» Dataset section
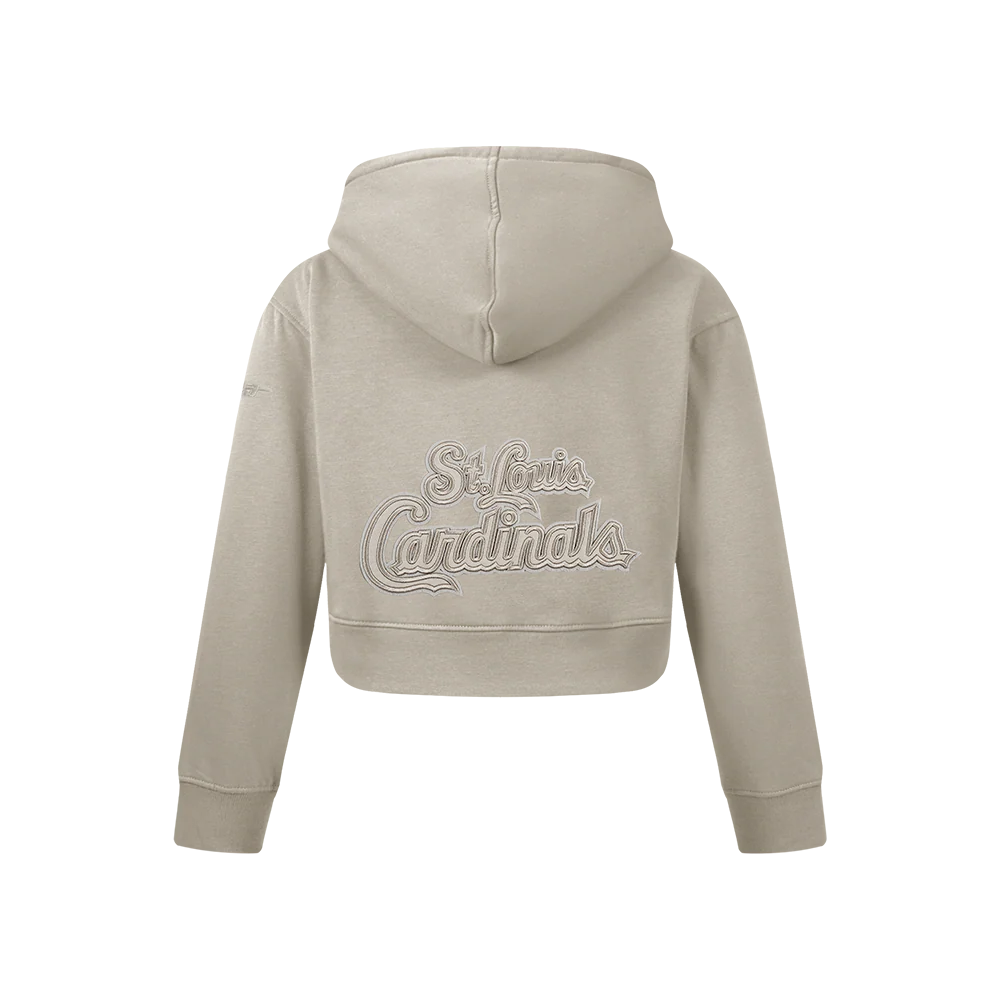 MLB ST. LOUIS CARDINALS NEUTRAL BIG GIRLS FLEECE PO HOODIE (TAUPE) - Image 3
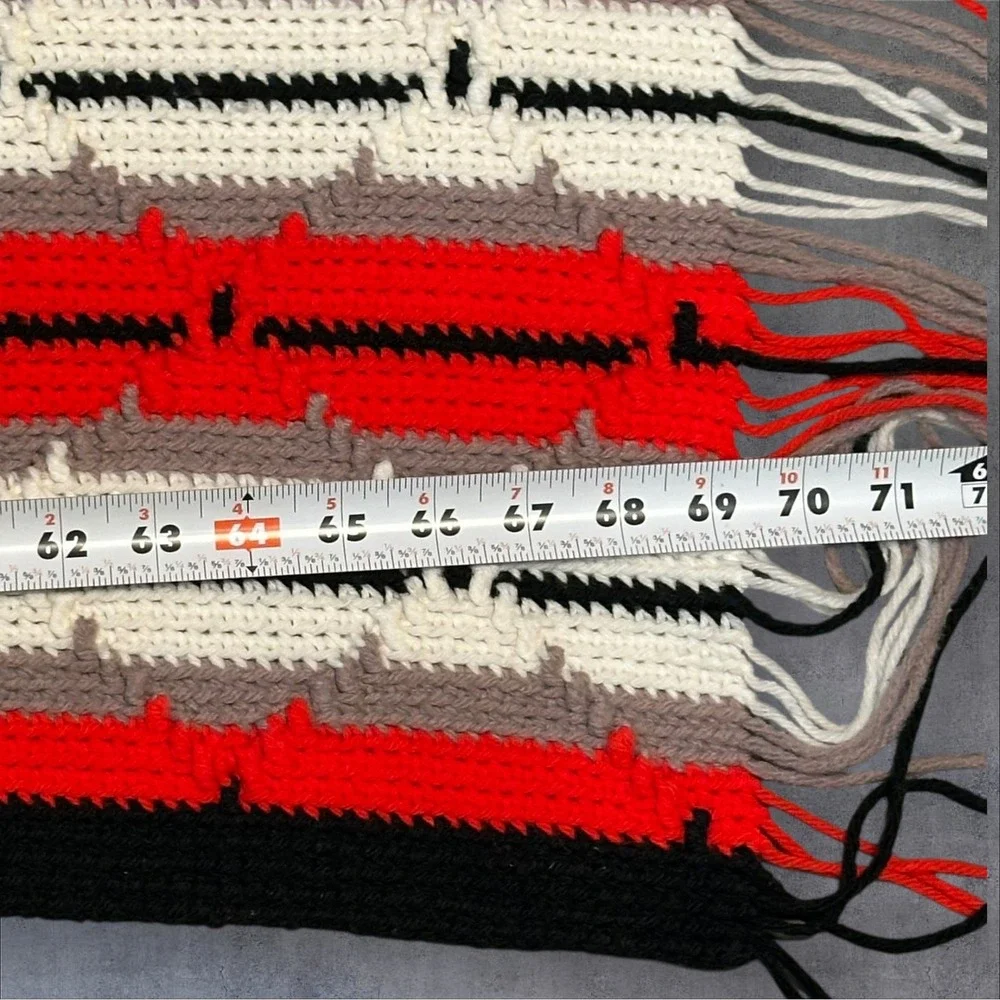 Vintage Handmade Navajo Diamond‎ Crochet Blanket Red White Gray Black 70x45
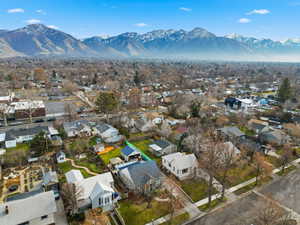 Aerial view of residential area with mountains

» Aim of the task
Would you return all the data exactly as given, minus the pictures?

» Task response
 MLB ST. LOUIS CARDINALS NEUTRAL BIG GIRLS FLEECE PO HOODIE (TAUPE) - Image 3
 Vintage Handmade Navajo Diamond‎ Crochet Blanket Red White Gray Black 70x45
 Aerial view of residential area with mountains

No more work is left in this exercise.